Dr. Katrin Kirchhoff is a Director of Applied Science at AWS AI Labs, where she leads multiple science efforts on speech and natural language processing, Health AI, and Data Analytics. Previously she was a Research Professor at the Department of Electrical Engineering at the University of Washington, where she co-founded the Signal, Speech and Language Interpretation Lab. Her research interests span multilingual speech processing, NLP, unsupervised learning, and multimodality.

Dr. Kirchhoff has over 20 years of experience in speech processing and has served on as a member of the IEEE Speech and Language Processing Technical Committee (SLTC), on the Editorial Boards of Speech Communication, IEEE ACM Transactions on Audio, Speech, and Language Processing, and Computer, Speech and Language.

Dr.

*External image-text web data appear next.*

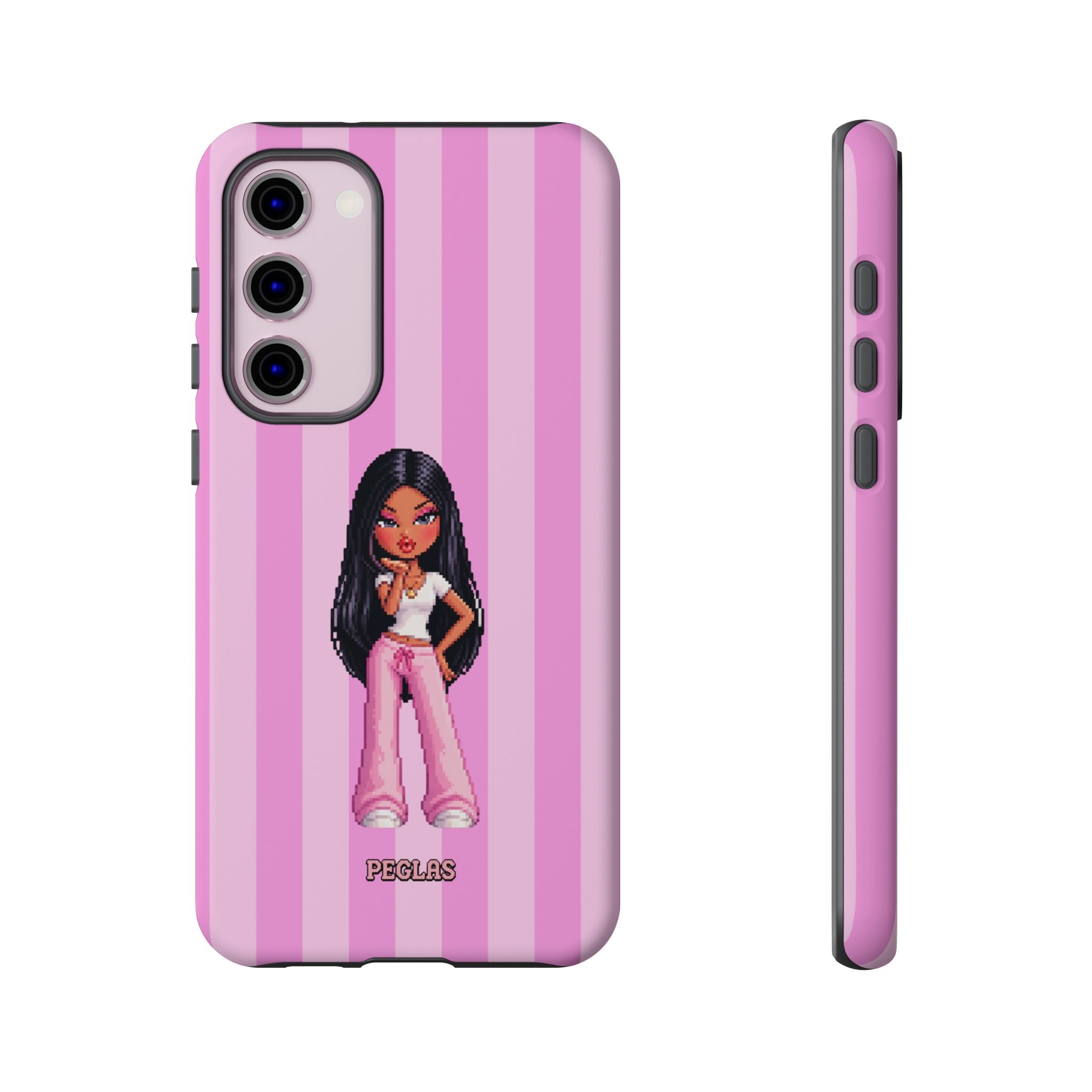 Pink Pixel Art Doll Phone Case — Y2K Baddie Girl Illustration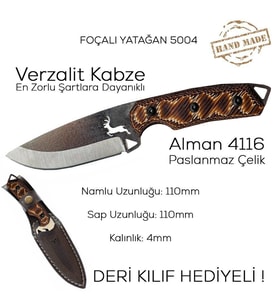 Foçalı 5004 Verzalit Yatağan El Yapımı 22cm Av Kamp Bıçağı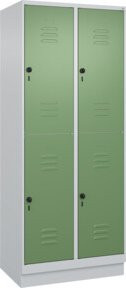 C+P Doppelstock-Spind Classic PLUS mit Sockel, 2 Abteile, Farbe Resedagrün (RAL 6011) und Grau, B/T/H: 80 x 50 x 195 cm - Bild 1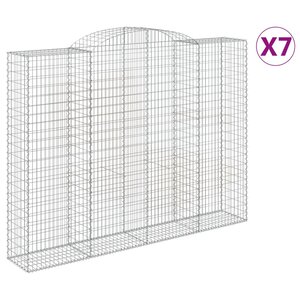 vidaXL Paniers à gabions arqués 7 Pièces 300x50x220/240 cm fer galvanisé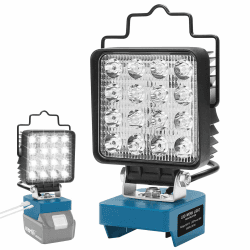 QUPERR Arbeitsleuchte kompatibel mit Makita 18V Akku, 48W 4800LM LED Lampe, tragbar wie Makita Lampe 18V, Makita Arbeitsleuchte, mit USB- und Typ-C-Anschlüssen für Baustelle und Camping (ohne Akku)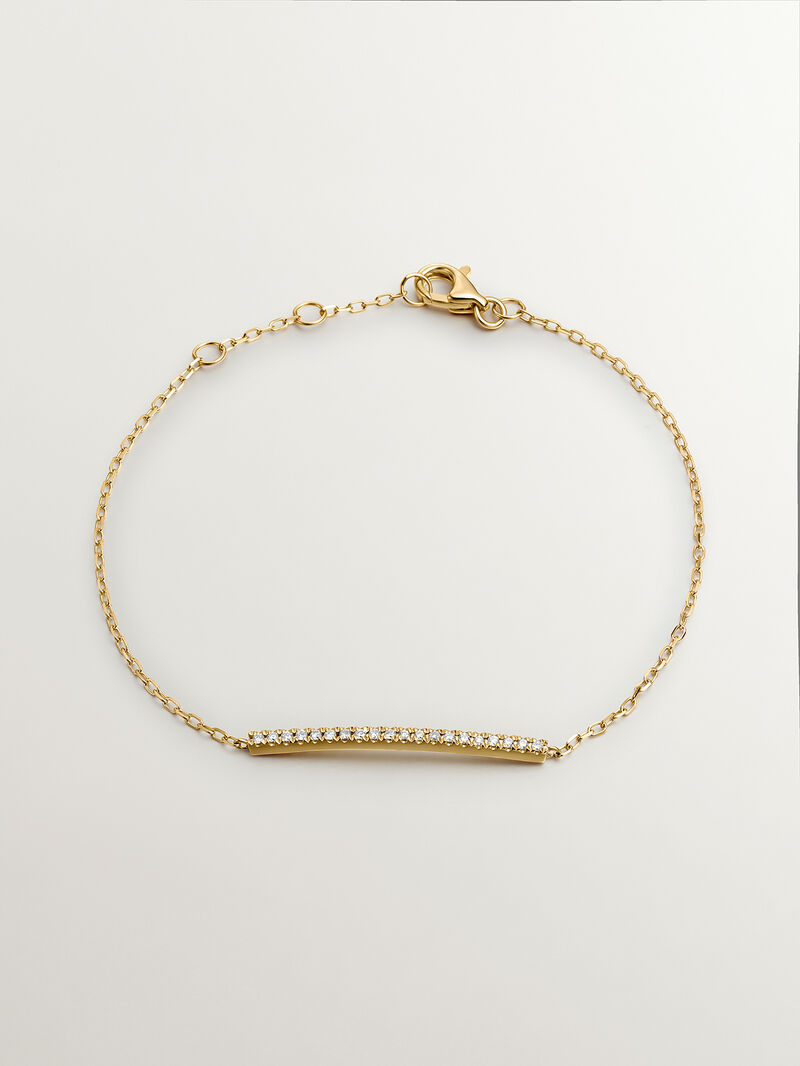 18K yellow gold bracelet with diamonds image number 0
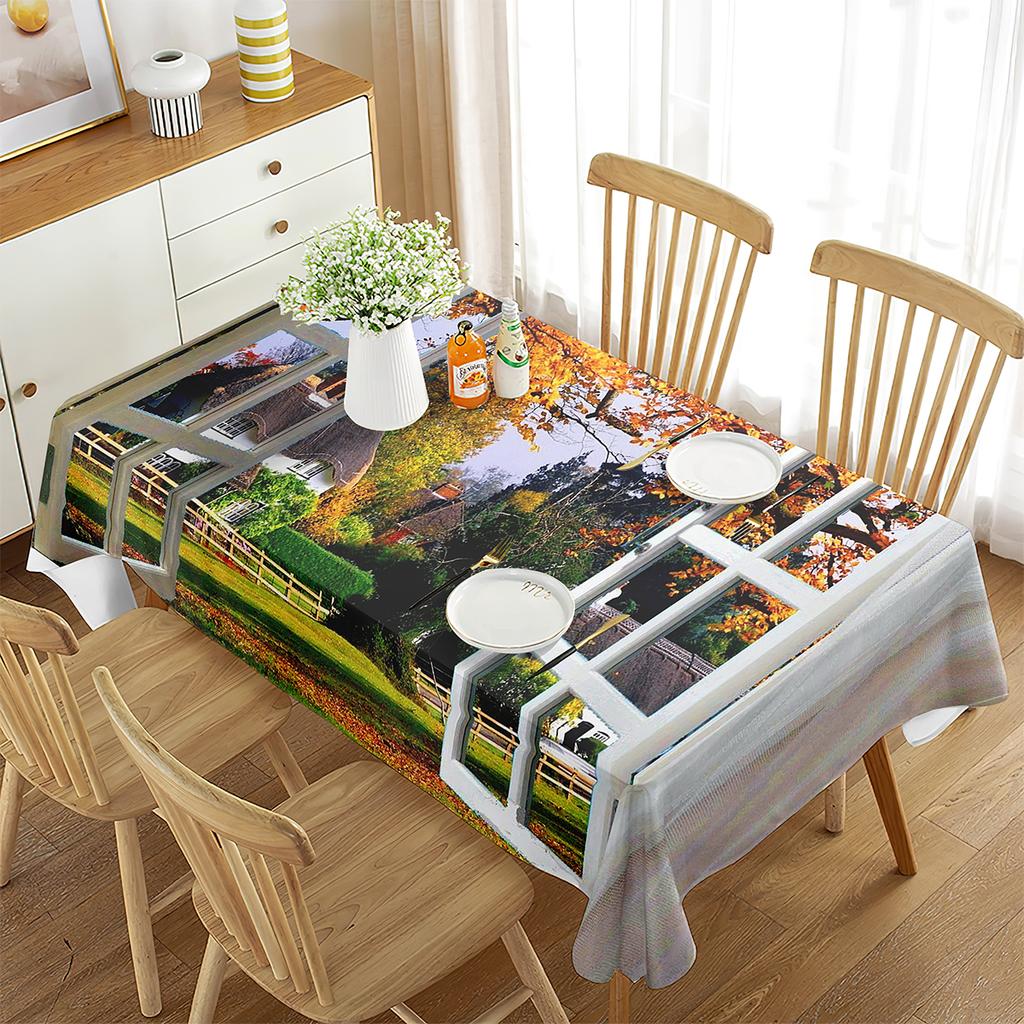 Scenery Outside The Window Tablecloth Beautiful Landscape Rectangular Table Cover for Coffee Table Dining Room Kitchen Decor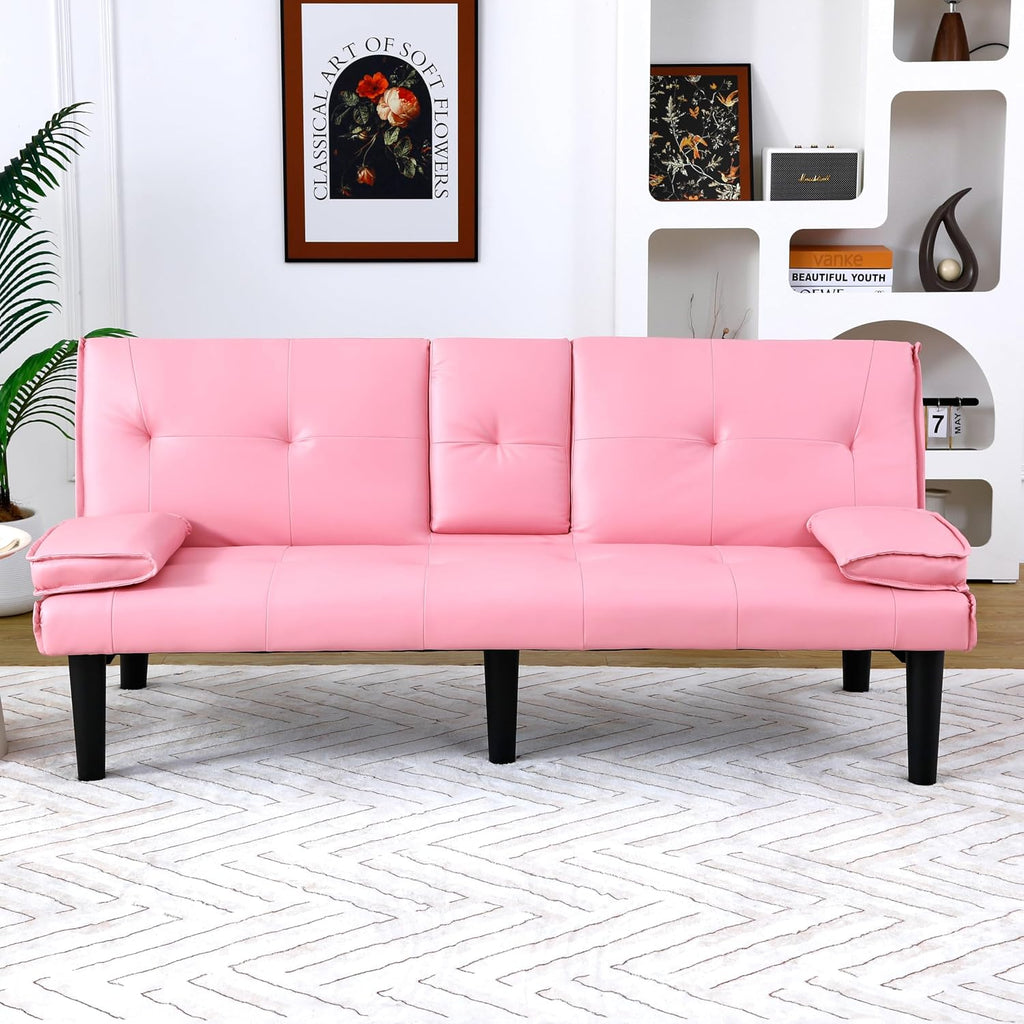 KEIKI Sleeper Sofa Bed with Cup Holder, 3 in 1 Convertible Futon Sofa Bed for Living Room, Dorm, Home Office, Pink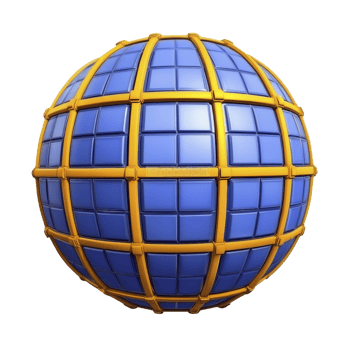 3D sphere with grid pattern features blue panels and yellow borders, creating futuristic and geometric design. reflective surface adds modern and dynamic feel png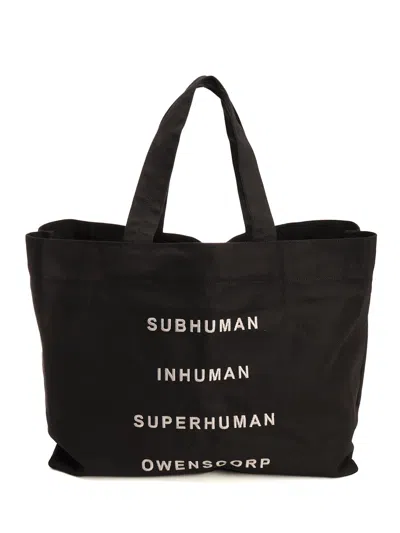 Rick Owens Cotton Tote Bag Handbags Black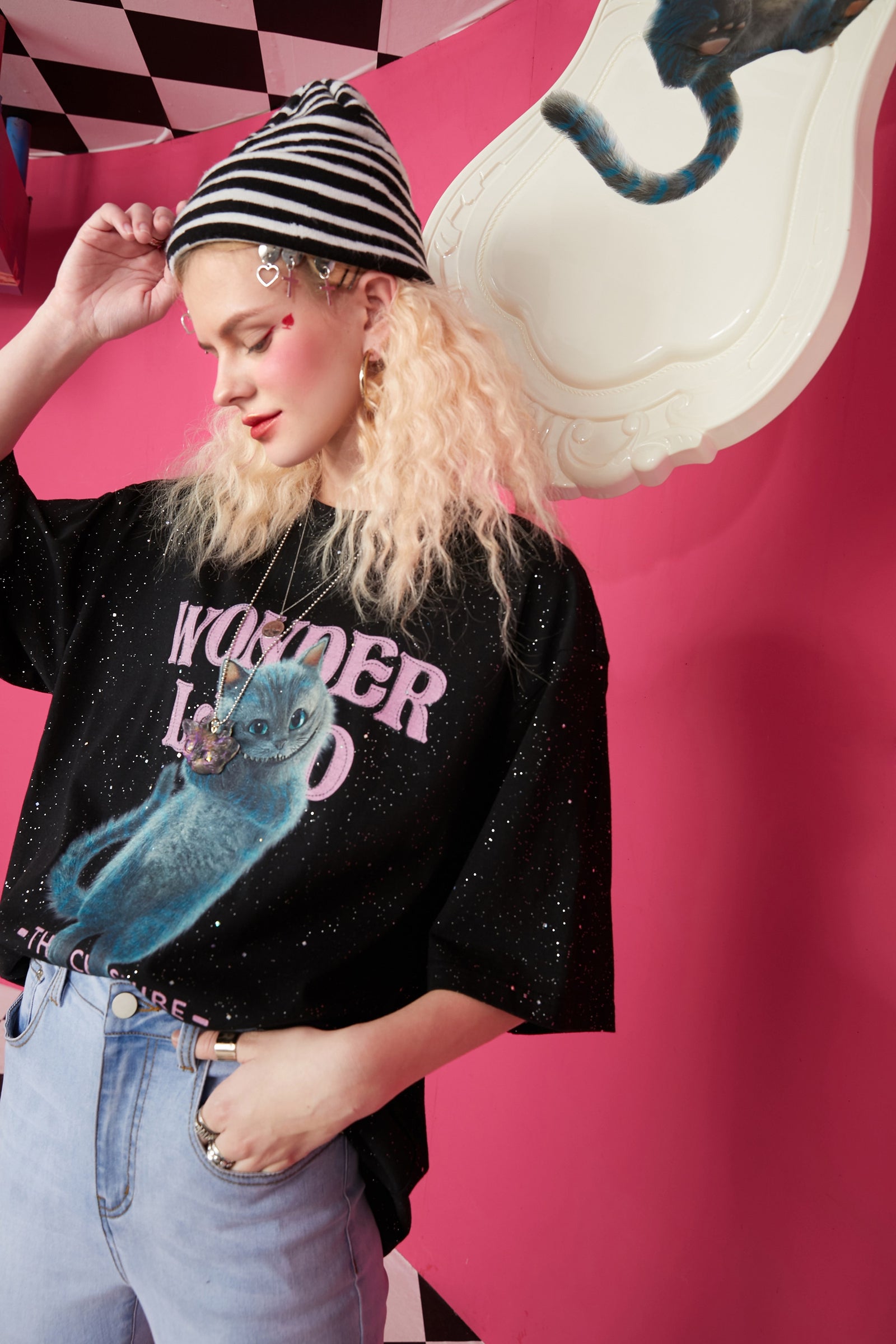 Harajuku Cat Print Casual T-Shirts Women,Spring ELF Vintage Short Sleeve Female Basic Daily Graphic Tops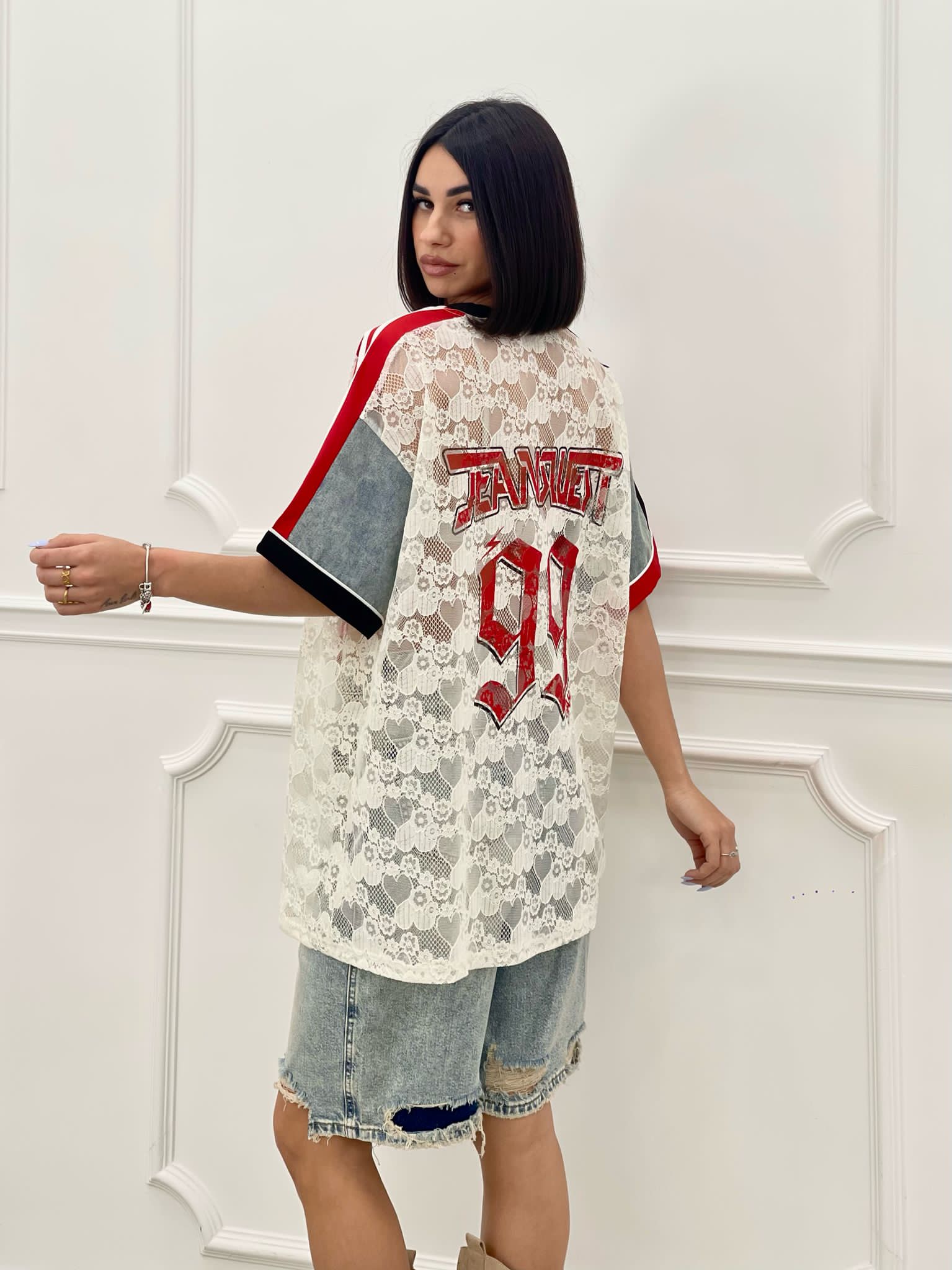 MAGLIA DENIM E PIZZO CON STAMPA NEW SS25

Shang-Wen Li received the Ph.D. in 2016 from MIT in the Spoken Language Systems group of Computer Science and Artificial Intelligence Laboratory (CSAIL). His recent research is focused on multimodal large language models, multimodal representation learning, and spoken language understanding.

He is a Research Lead and Manager at Meta’s Fundamental AI Research (FAIR) team, and he worked at Apple Siri, Amazon Alexa and AWS before joining FAIR.

Dr. Li served as area chairs in influential conferences including ICLR (2023, 2024), NeurIPS (2024), Interspeech (2022), and AAAI (2023).